Lagatar24 Desk
Kabul, Feb 9: Only five hospitals in Afghanistan continue to treat patients with Covid-19, with 33 others forced to close in recent months due to a lack of doctors, medicines, and even heat. This comes as the number of reported coronavirus cases in the economically stricken country has risen dramatically.
Due to a scarcity of fuel, personnel at Kabul’s only Covid-19 treatment hospital can only heat the building at night, even when winter temperatures drop below freezing during the day.
Patients are wrapped with thick blankets. Dr. Mohammed Gul Liwal, the organization’s director, stated that they require everything from oxygen to medical supplies.
The Covid-19 ward is almost always full as the Covid-19 cases rage. Before late January, the hospital was getting one or two new coronavirus patients a day. In the past two weeks, 10 to 12 new patients have been admitted daily.
“The situation is worsening day by day. Since the Taliban takeover almost six months ago, hospital employees have received only one month’s salary, in December,” said Liwal.
Notably, Afghanistan’s health-care system, which has relied almost exclusively on international donor money for nearly two decades, has been destroyed since the Taliban seized power in August following the tumultuous end to the US-led 20-year mission. Afghanistan’s economy collapsed after foreign assets worth over $10 billion were blocked and financial aid to the government was mostly discontinued.
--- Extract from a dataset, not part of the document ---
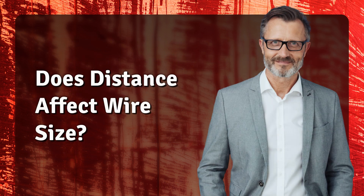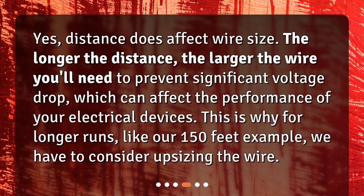Does distance affect wire size? Yes, distance does affect wire size. The longer the distance, the larger the wire you'll need to prevent significant voltage drop, which can affect the performance of your electrical devices. This is why for longer runs, like our 150-foot example, we have to consider upsizing the wire.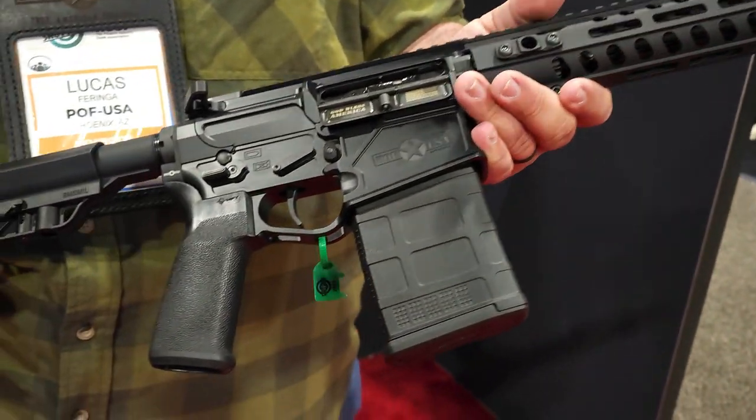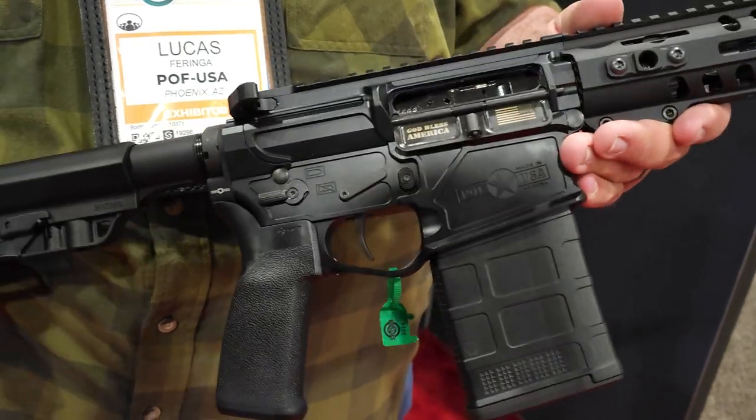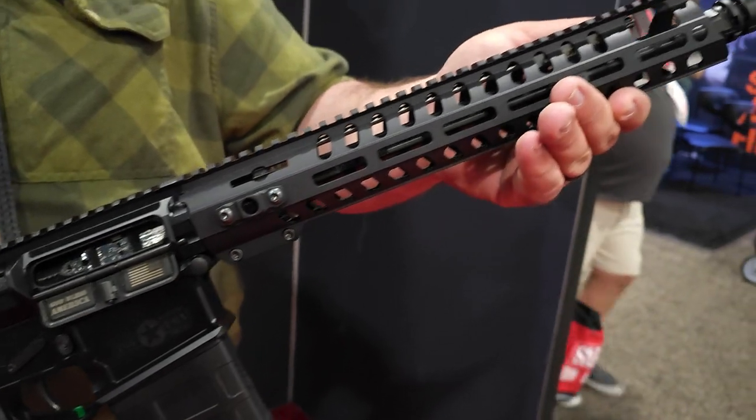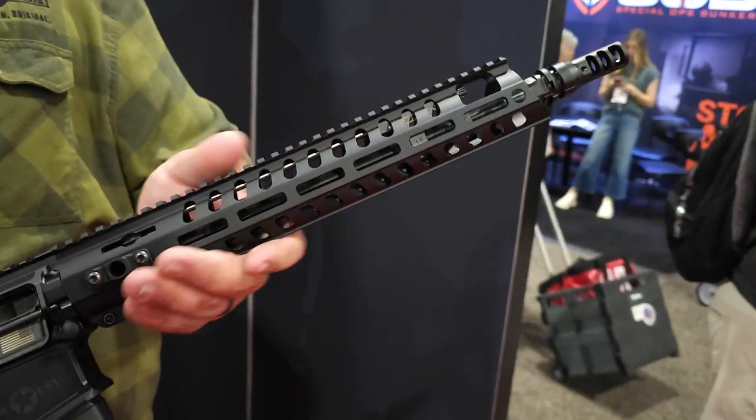We've got the lightweight of the Rogue series with the compact 13.75 pin and weld. This is going to be one of my favorite rifles in the coming year. Comes with a Dictator adjustable gas block. It's ready to be suppressed.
The country’s humanitarian crisis has been exacerbated by the breakdown of the health sector. Approximately 90% of the population lives in poverty, and at least a million children face famine as a result of their families’ inability to afford food.
The World Health Organisation now says the country will get the kits by the end of February.
“Between Jan 30 and Feb 5, public laboratories in Afghanistan tested 8,496 samples, of which nearly half were positive for Covid-19. Those numbers translate into a 47. 4% positivity rate,” said WHO.
As of Tuesday, the WHO recorded 7,442 deaths and close to 167,000 cases since the beginning of the pandemic almost two years ago.These low estimates are thought to be the result of substantial under-reporting in the absence of large-scale testing.